- Opening Delimiter -

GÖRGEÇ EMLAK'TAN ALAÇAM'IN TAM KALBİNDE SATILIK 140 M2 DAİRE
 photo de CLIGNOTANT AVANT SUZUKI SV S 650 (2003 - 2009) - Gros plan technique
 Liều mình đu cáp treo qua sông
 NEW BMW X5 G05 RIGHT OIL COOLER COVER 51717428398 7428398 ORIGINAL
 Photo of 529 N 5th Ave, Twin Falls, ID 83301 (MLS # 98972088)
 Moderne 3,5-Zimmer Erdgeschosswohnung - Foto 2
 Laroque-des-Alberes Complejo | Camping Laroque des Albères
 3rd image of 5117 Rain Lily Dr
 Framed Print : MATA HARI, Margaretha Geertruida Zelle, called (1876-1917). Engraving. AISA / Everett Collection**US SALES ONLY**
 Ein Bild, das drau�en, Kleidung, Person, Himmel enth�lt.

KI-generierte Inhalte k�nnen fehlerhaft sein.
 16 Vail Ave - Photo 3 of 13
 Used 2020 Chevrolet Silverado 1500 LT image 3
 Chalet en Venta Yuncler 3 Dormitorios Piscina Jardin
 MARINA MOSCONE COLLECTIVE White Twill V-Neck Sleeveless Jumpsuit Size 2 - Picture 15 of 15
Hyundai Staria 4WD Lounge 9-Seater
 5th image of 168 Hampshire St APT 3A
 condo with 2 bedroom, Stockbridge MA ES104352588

- Closing Delimiter -

» Task directions
Copy the data above exactly. Every line must be included.

» Task output
GÖRGEÇ EMLAK'TAN ALAÇAM'IN TAM KALBİNDE SATILIK 140 M2 DAİRE
 photo de CLIGNOTANT AVANT SUZUKI SV S 650 (2003 - 2009) - Gros plan technique
 Liều mình đu cáp treo qua sông
 NEW BMW X5 G05 RIGHT OIL COOLER COVER 51717428398 7428398 ORIGINAL
 Photo of 529 N 5th Ave, Twin Falls, ID 83301 (MLS # 98972088)
 Moderne 3,5-Zimmer Erdgeschosswohnung - Foto 2
 Laroque-des-Alberes Complejo | Camping Laroque des Albères
 3rd image of 5117 Rain Lily Dr
 Framed Print : MATA HARI, Margaretha Geertruida Zelle, called (1876-1917). Engraving. AISA / Everett Collection**US SALES ONLY**
 Ein Bild, das drau�en, Kleidung, Person, Himmel enth�lt.

KI-generierte Inhalte k�nnen fehlerhaft sein.
 16 Vail Ave - Photo 3 of 13
 Used 2020 Chevrolet Silverado 1500 LT image 3
 Chalet en Venta Yuncler 3 Dormitorios Piscina Jardin
 MARINA MOSCONE COLLECTIVE White Twill V-Neck Sleeveless Jumpsuit Size 2 - Picture 15 of 15
Hyundai Staria 4WD Lounge 9-Seater
 5th image of 168 Hampshire St APT 3A
 condo with 2 bedroom, Stockbridge MA ES104352588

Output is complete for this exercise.